Melihat dari sejarah hubungan antara
filsafat dan ilmu pengetahuan mengalami perkembangan yang sangat cepat. Pada
permulaan sejarah filsafat di Yunani, “philosophia”
meliputi hampir seluruh pemikiran teoritis. Tetapi dalam perkembangan ilmu
pengetahuan dikemudian hari, ternyata juga kita lihat adanya kecenderungan yang
lain.
Menurut Bertens, filsafat Yunani
Kuno yang tadinya merupakan suatu kesatuan kemudian menjadi terpecah-pecah.[22]

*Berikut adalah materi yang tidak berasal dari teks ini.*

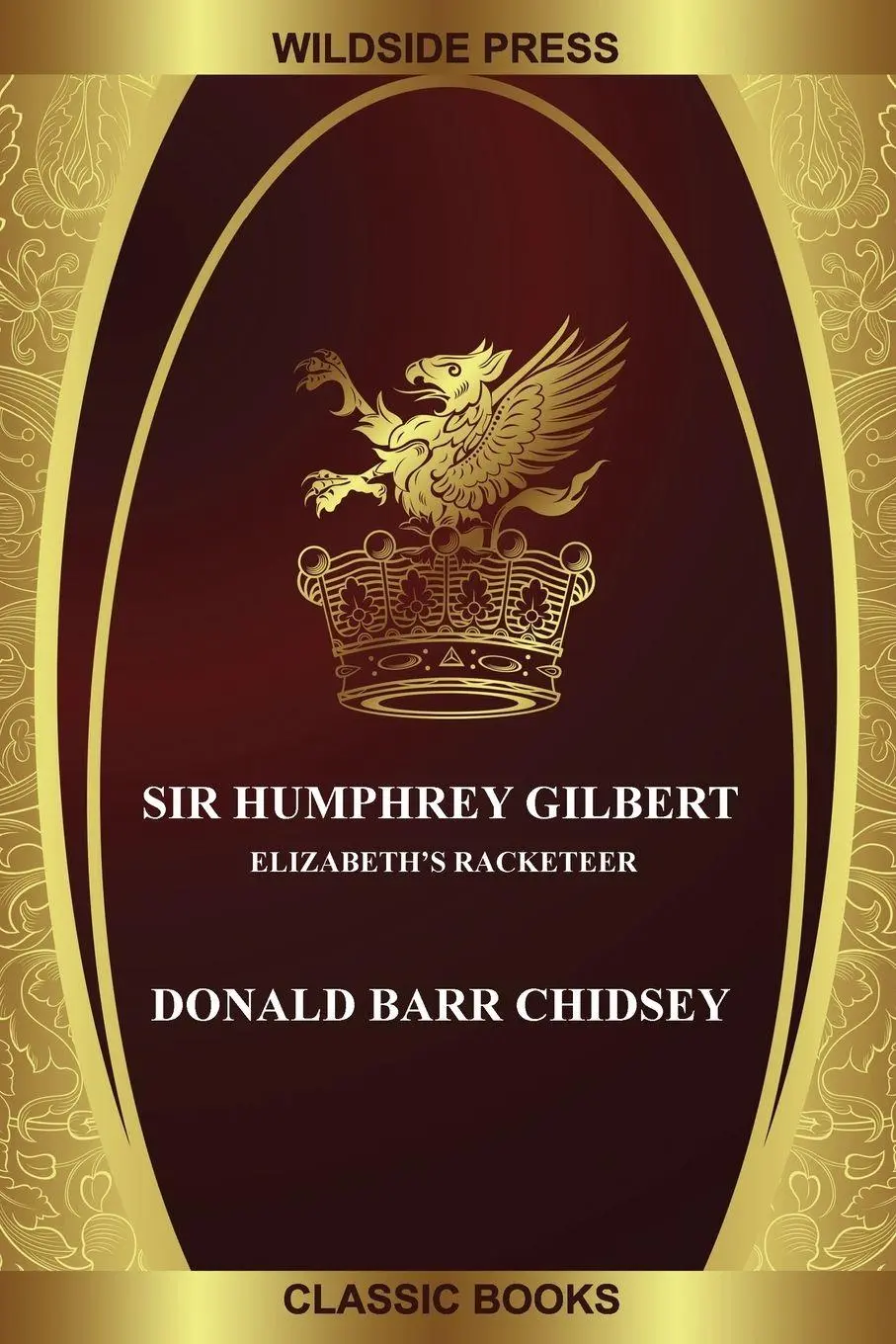 Cover: 9781479432141 | Sir Humphrey Gilbert | Elizabeth's Racketeer | Donald Barr Chidsey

Namun munculnya ilmu pengetahuan alam pada abad ke 17, menyebabkan terjadinya
perpisahan antara filsafat dan ilmu pengetahuan. Demikian dapatlah dikemukakan
bahwa sebelum abad ke 17 tersebut ilmu pengetahuan adalah identik dengan
filsafat.
Ilmu pengetahuan di ambil dari
bahasa inggris science, yang berasal
dari bahasa latin scientie dari
bentuk kata kerja scire yang berarti
mempelajari, mengetahui. Pertumbuhan selanjutnya pengertian ilmu mengalami
perluasan arti sehingga menunjuk segenap pengetahuan sistematik. Menurut Bahm
defenisi ilmu pengetahuan paling tidak melibatkan enam macam komponen yaitu
masalah, sikap, metode, aktivitas, kesimpulan dan pengaruh.[23]
Selanjutnya Van Peursen mengemukakan
bahwa dahulu ilmu merupakan bagian dari filsafat, sehingga definisi tentang
ilmu bergantung pada sistem filsafat yang dianut.[24]

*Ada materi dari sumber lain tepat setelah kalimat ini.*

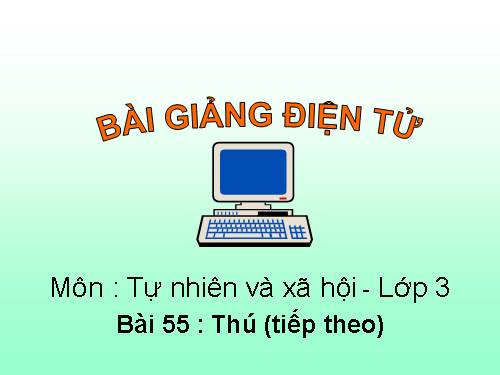 Bài 55. Thú (tiếp theo)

Perkembangan ilmu pengetahuan
semakin lama semakin maju dengan munculnya ilmu-ilmu baru yang pada akhirnya
memunculkan pula sub-sub ilmu pengetahuan baru, bahkan kearah ilmu pengetahuan
yang lebih khusus lagi seperti spesialisasi-spesialisasi. Pengetahuan dapat
dilihat sebagai suatu sistem yang jalin-menjalin dan taat asas (konsisten) dari
ungkapan-ungkapan yang “benar-tidaknya” dapat ditentukan.

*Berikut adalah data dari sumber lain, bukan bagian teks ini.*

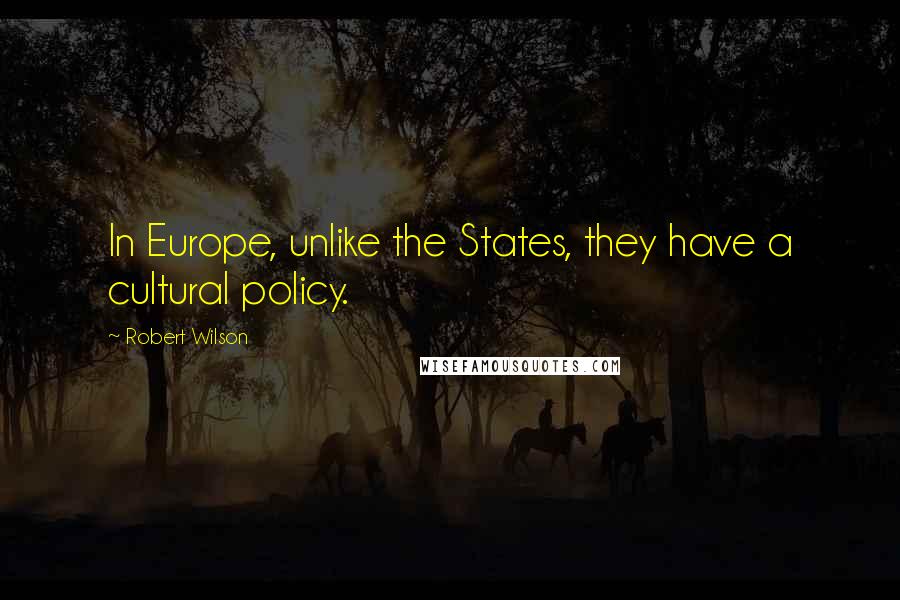 Robert Wilson Quotes: In Europe, unlike the States, they have a cultural policy.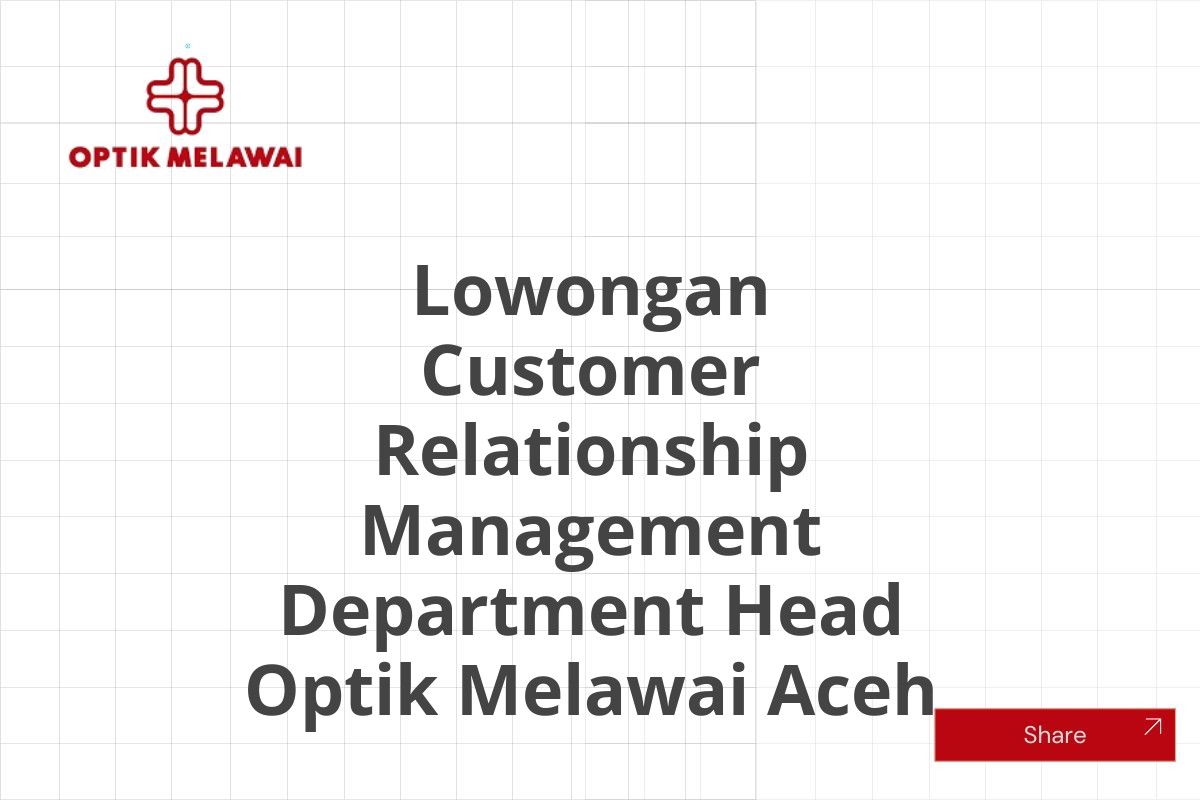 Lowongan Customer Relationship Management Department Head Optik Melawai Aceh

Terlepas dari berbagai macam
pengelompokkan atau pembagian dalam ilmu pengetahuan, maka kita dapat
mensinyalir bahwa peranan ilmu pengetahuan terhadap kehidupan manusia, baik
individual maupun sosial menjadi sangat menentukan.
Bidang garapan filsafat ilmu
terutama diarahkan pada komponen-komponen yang menjadi tiang penyangga bagi
eksistensi ilmu yaitu: ontologi, epistemologi dan aksiologi. Dimana filsafat ilmu mencari pengetahuan umum tentang
ilmu atau tentang dunia, sebagaimana ditunjukkan oleh ilmu.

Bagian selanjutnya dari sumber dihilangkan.